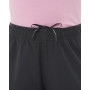 Dámské kraťasy Salomon Wayfarer Ease 2.0 shirt W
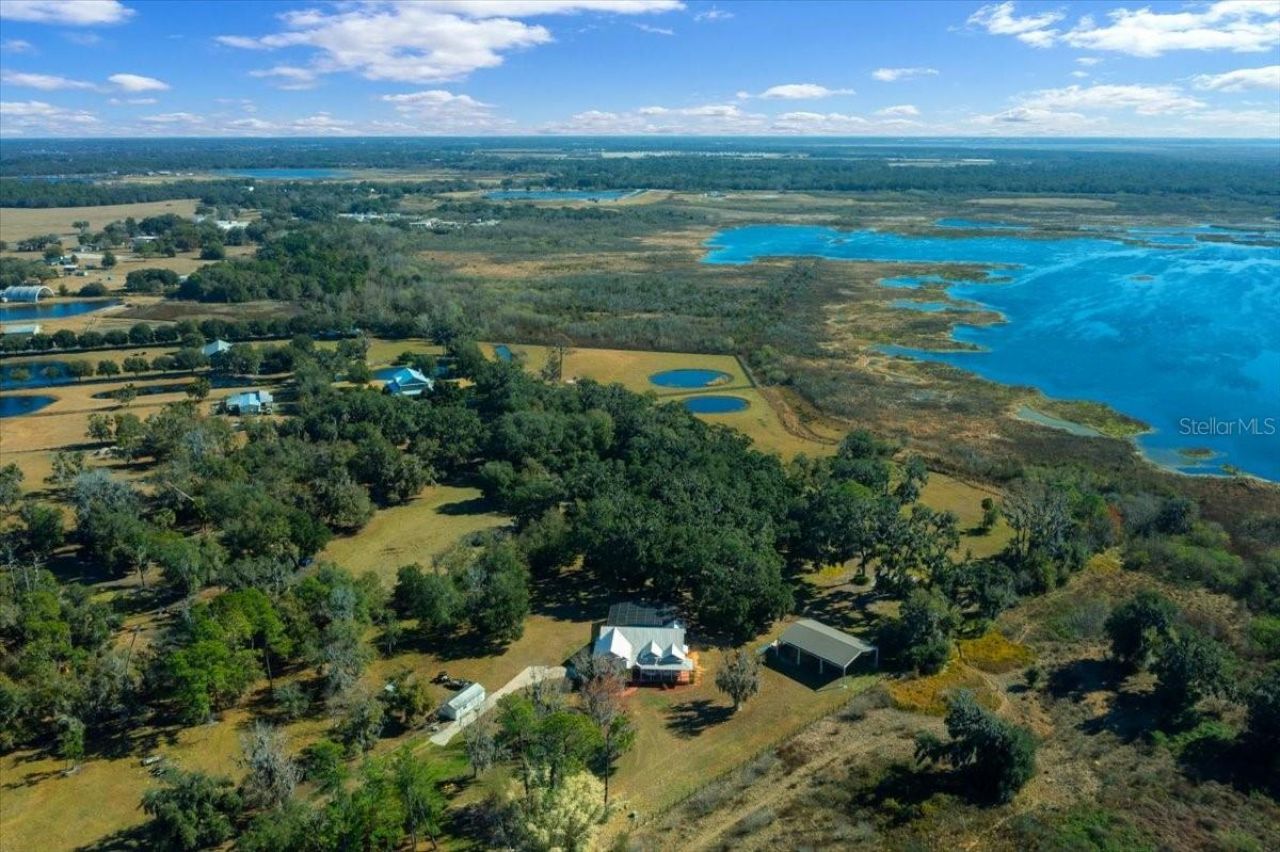 15104 County Road 48, Astatula, FL 34705 Photo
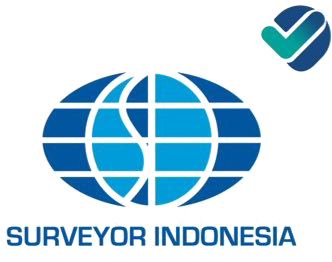Surveyor Indonesia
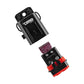 DS18 Marine Grade Fuse Holder 8 GA [MFH8]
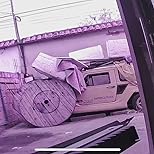 Imagem do cliente, clique para abrir a avaliação de clientes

BRIEF —
In the records above, find the line that contains "DS18 Marine Grade Fuse Holder 8 GA [MFH8]". Retype it and every line after it, exactly, leaving out all pictures.

TASK RESULT —
 DS18 Marine Grade Fuse Holder 8 GA [MFH8]
 Imagem do cliente, clique para abrir a avaliação de clientes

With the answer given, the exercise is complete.